|
Donmadan önceki o tatlı uyuşma hali

Bize sadece denizleri unutturmakla kalmadılar, su birikintilerinin enginliğine de hepimizi ikna ettiler!

Bir asır önce var olmayan birtakım durumları zemin kılarak inşa ettiğimiz düşünceler var ve yazık ki bu düşünceler artık bize hiç yabancı gelmiyor.

“Zamanımızın gerçekleri” diye sorgusuzca kabullendiğimiz şeyleri, zamanlar üstü hakikatlerin yerine koymadığımızdan nasıl bu kadar eminiz?

Hayatımızdan bir şeyleri tasfiye ediyor olmalıyız ki, yerine yeni bir şeyler koyabilelim.

Bizi bir şeylerin hayatımızdan çıkarılabilecek kadar eskidiğine ikna etmek neden bu kadar kolay?

Emin ellerce üretilmediğini iyi kötü bildiğimiz halde hiç düşünmeden hayatımıza kattığımız bütün bu yenilikler, ya bizi adım adım olduğumuzdan başka bir şeye dönüştürecek bir iradesizliğe sürüklüyorsa...

Herkes yapıyor diye yaptığımız şeylerin bizi herkesi götürdüğü yere götürmeyeceğinden nedense hiç şüphelenmiyoruz!

Çağın en büyük yalanı, irademizi uyuşturan bütün bu tekno-bağımlılık cihazlarının bir kapatma düğmesi olduğudur. Kapatma iradesi kaybolmuşsa kapatma düğmesi boş bir aksesuardır.

“Bunlar birer araç, iyiye kullanırsan iyi, kötüye kullanırsan kötü olur” diyorlar.
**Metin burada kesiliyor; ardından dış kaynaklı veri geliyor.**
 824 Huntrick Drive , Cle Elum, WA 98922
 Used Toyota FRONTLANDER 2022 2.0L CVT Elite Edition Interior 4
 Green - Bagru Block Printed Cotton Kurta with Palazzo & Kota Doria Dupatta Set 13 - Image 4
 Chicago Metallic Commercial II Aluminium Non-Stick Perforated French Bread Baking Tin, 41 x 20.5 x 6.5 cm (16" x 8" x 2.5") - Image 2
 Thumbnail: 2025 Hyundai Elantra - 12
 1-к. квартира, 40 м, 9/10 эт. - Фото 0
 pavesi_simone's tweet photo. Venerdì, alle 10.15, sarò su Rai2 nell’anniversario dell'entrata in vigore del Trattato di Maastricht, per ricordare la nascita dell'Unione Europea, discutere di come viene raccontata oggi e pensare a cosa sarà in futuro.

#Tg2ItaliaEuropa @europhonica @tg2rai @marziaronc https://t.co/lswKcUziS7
Yaşama kültüründeki ve düşünme biçimindeki derin dönüşümü unutup lokal faydalarla idare etmemizi istiyorlar.

Biri bize günlük alışkanlıklar dizayn ediyor, o tasarımın içine girip orada gönüllü yaşıyoruz.

Sanal ortamda bir hayat olduğuna hepimizi inandırdılar; sanal paylaşımlar, sanal dostlar, sanal düşmanlar, sanal davalar, sanal savaşımlar, sanal kültürel sofralar, düşünce dolaşımları, duygu linklemeleri... Biz sanal dünyadan gözümüzü ayıramaz hale gelince, şimdi usulca gerçek dünyayı ayaklarımızın altından çekiyorlar.

İnternetin içine doğan kuşakların, kapsama alanları dışında yaşayacak neredeyse hiçbir şey bulamıyor olmaları bize bir şey söylemiyor mu?

Kafa karışıklığı o kadar yaygınlaştı ki; bir an önce sanal ortamlara taşımazlarsa kadim birikimlerinin ellerinde kalacağına selim akıl sahipleri bile inanır oldu.

“Madem insanlar hakikatin kapısına gelmiyorlar, biz hakikati onların sanal dünyalarına götürelim” diyenler, bu yalana direnebileceğimiz son kaleyi sahipsiz bıraktıklarının farkında mı?

Yanlış tekniğin doğru sözü kendine yakıt kıldığını öğrenmek için daha kaç zihin ve kalp mağlubiyeti yaşayacağız?

Bizim yanlıştan dönebilmemiz için bağlantının kesilmesi dışında bir ihtimal kaldı mı?

Münacaat’ta, artık neredeyse hiç sormadığımız bir soruyu, “...bileyim hangi suyun sakasıyım ya rabbelalemin/ tütmesi gereken ocak nerede?” diye soruyor İsmet Özel.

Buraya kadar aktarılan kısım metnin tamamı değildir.